Jules Barey* avait été grièvement blessé pendant la campagne de 1939-40 et hospitalisé pendant cinq mois. A sa sortie d’hôpital, il devint inspecteur de police.
Son ami Raymond Mascarrello* est employé comme auxiliaire au service du ravitaillement de la mairie d’Antibes et, responsable de la distribution de titres de rationnement, il avait ainsi accès à tous les tampons officiels.
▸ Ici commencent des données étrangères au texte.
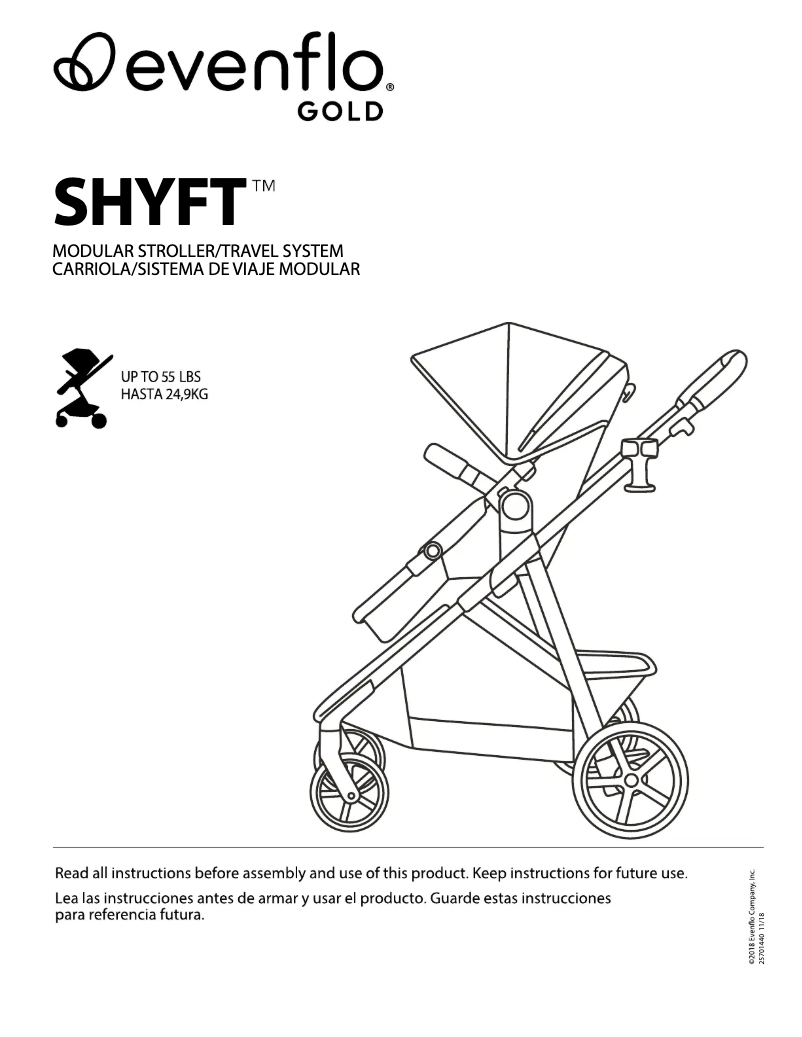 Página 1 del manual Manual de usuario Evenflo Shyft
Tous deux, résistants de la première heure, appartenaient au réseau « Rochat ». Ils travaillaient conjointement à l’établissement de nombreuses fausses cartes d’identité et de titres de ravitaillement destinés à sauver de nombreux juifs traqués.
Monsieur Gidali, Monsieur Gribinsky et Monsieur Fred, tous Juifs, ont bénéficié de leur aide. Monsieur Marx se fit pratiquer une opération de chirurgie esthétique pour cacher un nez trop marqué. Raymond Mascarrello* lui procura une nouvelle carte d’identité avec sa nouvelle photo. Ils avertissaient des Juifs menacés des rafles imminentes, rendaient des services similaires pour protéger des réfractaires du STO et des résistants. Raymond Mascarrello*, lui-même requis pour le STO, plongea dans la clandestinité en mars 1944 et partit rejoindre le maquis. Auparavant, il avait fourni des renseignements et des plans du réseau téléphonique de la ville au réseau « Buckmaster », en vue d’un débarquement allié. Ils mirent aussi à l’abri des armes compromettantes destinées à la Résistance.
En 1943, sollicitée par des Juifs vivant à Antibes, amis de longue date de ses parents, Jacqueline Thiercelin*, secrétaire de mairie de Châteauneuf sur Loire (Loiret), remania l’identité et l’âge d’Armand Slisonsky, requis alors par le STO. Ce fut ensuite le tour des parents de ce dernier, Robert et Henriette Slisonsky, contraints de fuir Antibes à la fin du mois d’octobre 1943 (voir Puget, Emile et Valentine) pour se soustraire aux poursuites de la Milice. Jacqueline vivait chez ses parents, de même que son frère Robert Thiercelin, très engagé dans la Résistance active. Elle y accueillit Armand Slisonsky avec la même générosité qu’elle mettait à délivrer de fausses pièces d’état-civil, sans contrepartie. Mais, au printemps de 1944, la Gestapo opéra une descente chez les Thiercelin, où elle parvint à capturer Robert, qui fut rapidement déporté au camp de Dora. Heureusement le jeune résistant survécut au régime infernal de ce camp, et il réussit une évasion d’une incroyable audace en avril 1945.